Additional destination options
------------------------------
There are a number of more advanced configuration parameters that are supported
for configuring the destination. All of the following options would be placed
within the ``.spec.rclone`` portion of the ReplicationDestination CustomResource.
.. include:: ../inc_dst_opts.rst
rcloneConfigSection
This is used to identify the configuration section within
``rclone.conf`` to use.
rcloneDestPath
This is the remote storage location in which the persistent data will
be downloaded. This should match the rcloneDestPath used on the ReplicationSource.
rcloneConfig
This specifies the secret to be used. The secret contains an ``rclone.conf``
file with the configuration and credentials for the object target.
customCA
This option allows a custom certificate authority to be used when making TLS
(https) connections to the remote repository.
For a concrete example, see the :doc:`database synchronization example `.
Using a custom certificate authority
====================================
Normally, Rclone will use a default set of certificates to verify the validity
of remote repositories when making https connections. However, users that deploy
with a self-signed certificate will need to provide their CA's certificate via
the ``customCA`` option.
The custom CA certificate needs to be provided in a Secret or ConfigMap to
VolSync. For example, if the CA certificate is a file in the current directory
named ``ca.crt``, it can be loaded as a Secret or a ConfigMap.

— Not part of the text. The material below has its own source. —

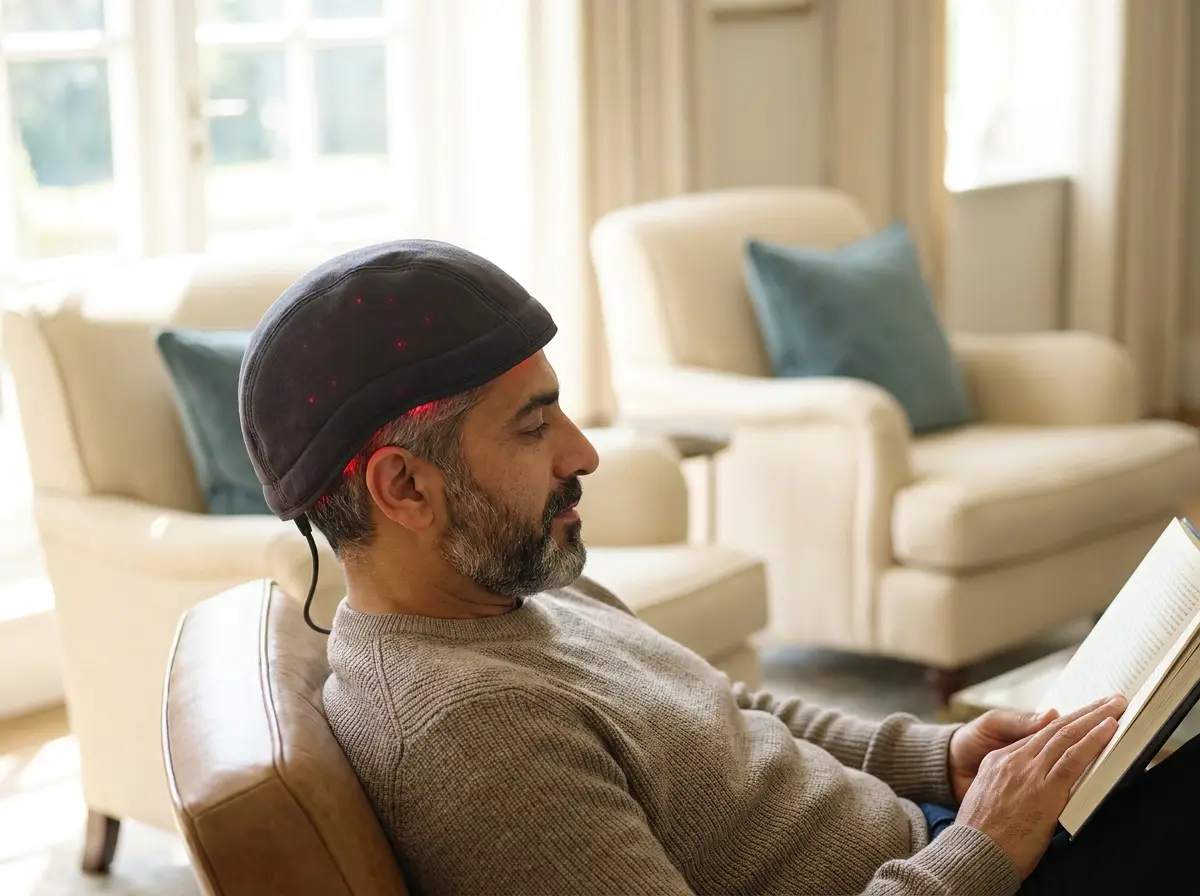 Patient using a premium at-home low-level laser therapy cap as part of a maintenance protocol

Example using a customCA loaded as a secret:
.. code-block:: console
$ kubectl create secret generic tls-secret --from-file=ca.crt=./ca.crt
secret/tls-secret created
$ kubectl describe secret/tls-secret
Name: tls-secret
Namespace: default
Labels:
Annotations:
Type: Opaque
Data
====
ca.crt: 1127 bytes
This Secret would then be used in the ReplicationSource and/or
ReplicationDestination objects:
.. code-block:: yaml
---
apiVersion: volsync.backube/v1alpha1
kind: ReplicationSource
metadata:
name: mydata-backup-with-customca
spec:
# ... fields omitted ...
rclone:
# ... other fields omitted ...
customCA:
secretName: tls-secret
key: ca.crt
To use a customCA in a ConfigMap, specify ``configMapName`` in the spec instead
of ``secretName``, for example:
.. code-block:: yaml
---
apiVersion: volsync.backube/v1alpha1
kind: ReplicationSource
metadata:
name: mydata-backup-with-customca
spec:
# ... fields omitted ...
rclone:
# ... other fields omitted ...
customCA:
configMapName: tls-configmap-name
key: ca.crt